**DATASET RECORDS:**
******************************

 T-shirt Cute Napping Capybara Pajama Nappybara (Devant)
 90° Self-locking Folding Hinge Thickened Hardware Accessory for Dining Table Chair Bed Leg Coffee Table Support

******************************

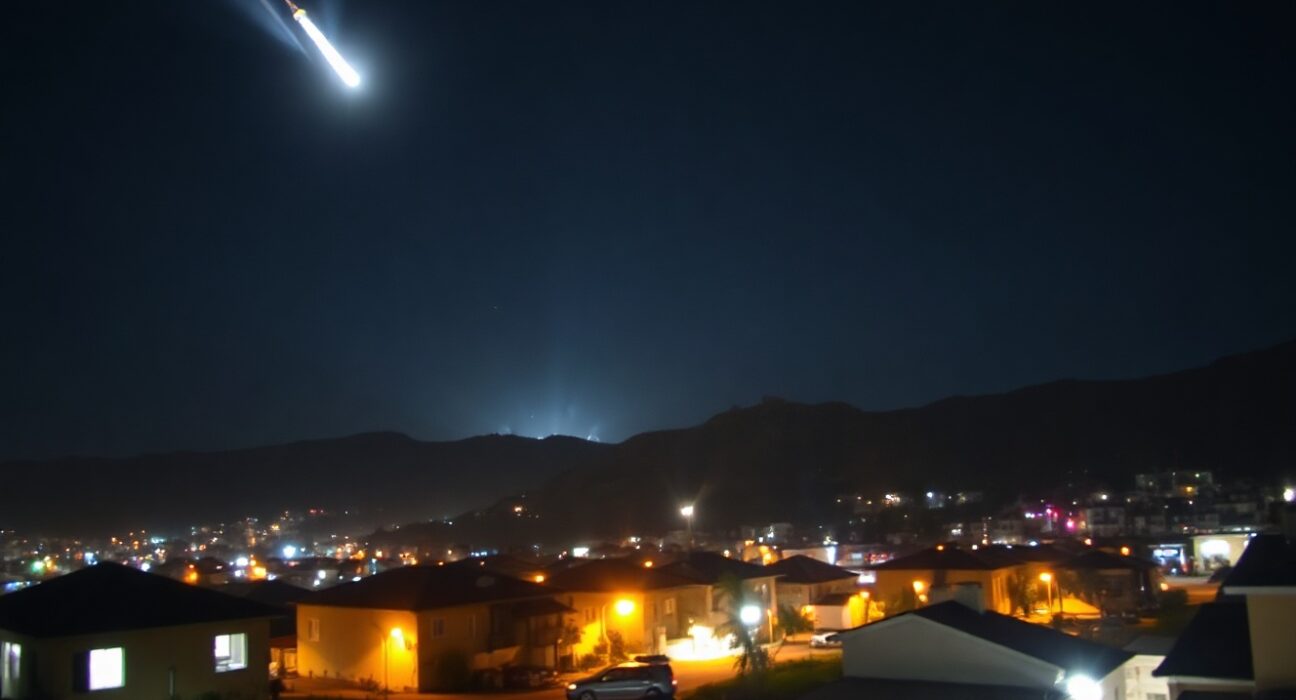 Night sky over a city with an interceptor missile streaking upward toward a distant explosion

******************************

**WHAT YOU ARE ASKED TO DO:** Of the entries listed above, reproduce only the lines starting at the line containing "T-shirt Cute Napping" and ending at the line containing "90° Self-locking Folding". Include both, exactly as they stand.

**EXERCISE ANSWER:**
 T-shirt Cute Napping Capybara Pajama Nappybara (Devant)
 90° Self-locking Folding Hinge Thickened Hardware Accessory for Dining Table Chair Bed Leg Coffee Table Support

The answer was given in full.